Problem – Would you retype the listing below word for word, without any of its pictures?

Given information –
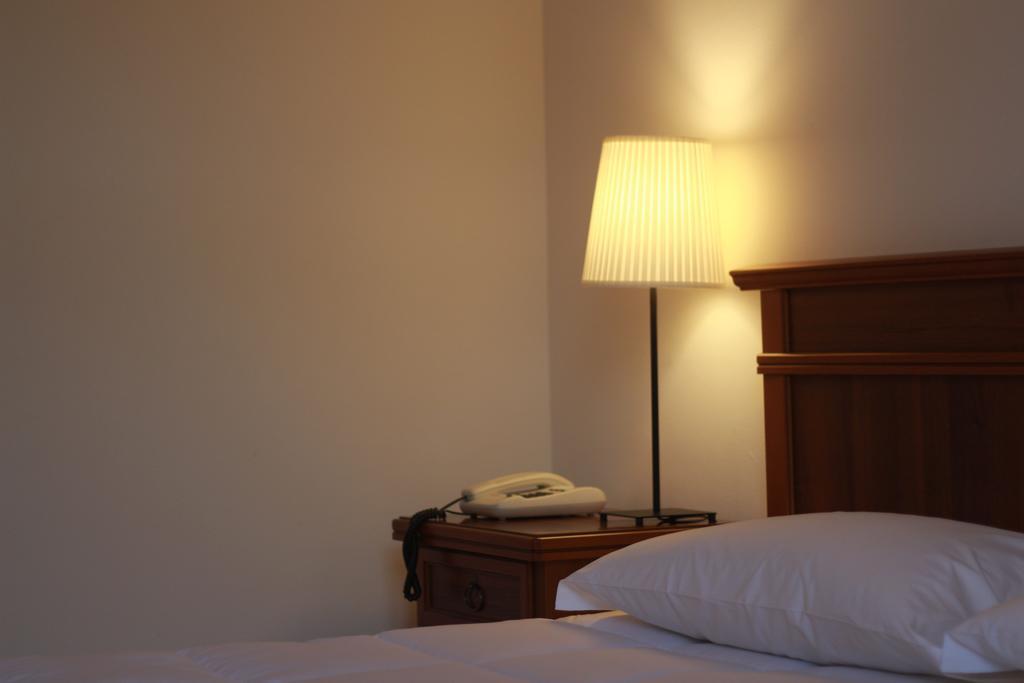 Hotel Portici Vicoforte Buitenkant foto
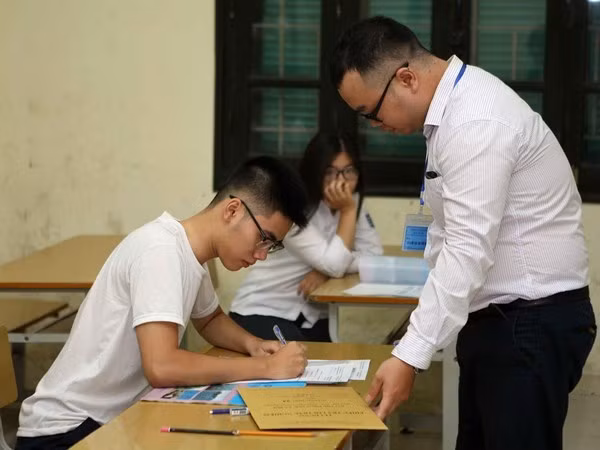 Scandale du baccalauréat à Hoa Binh : ouverture d'une procédure pénale ảnh 1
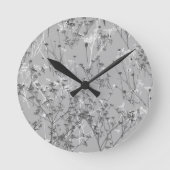 Moderne Abstracte Grijze Witte Wildbloemen Ronde Klok (Voorkant)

Completed task –
 Hotel Portici Vicoforte Buitenkant foto
 Scandale du baccalauréat à Hoa Binh : ouverture d'une procédure pénale ảnh 1
 Moderne Abstracte Grijze Witte Wildbloemen Ronde Klok (Voorkant)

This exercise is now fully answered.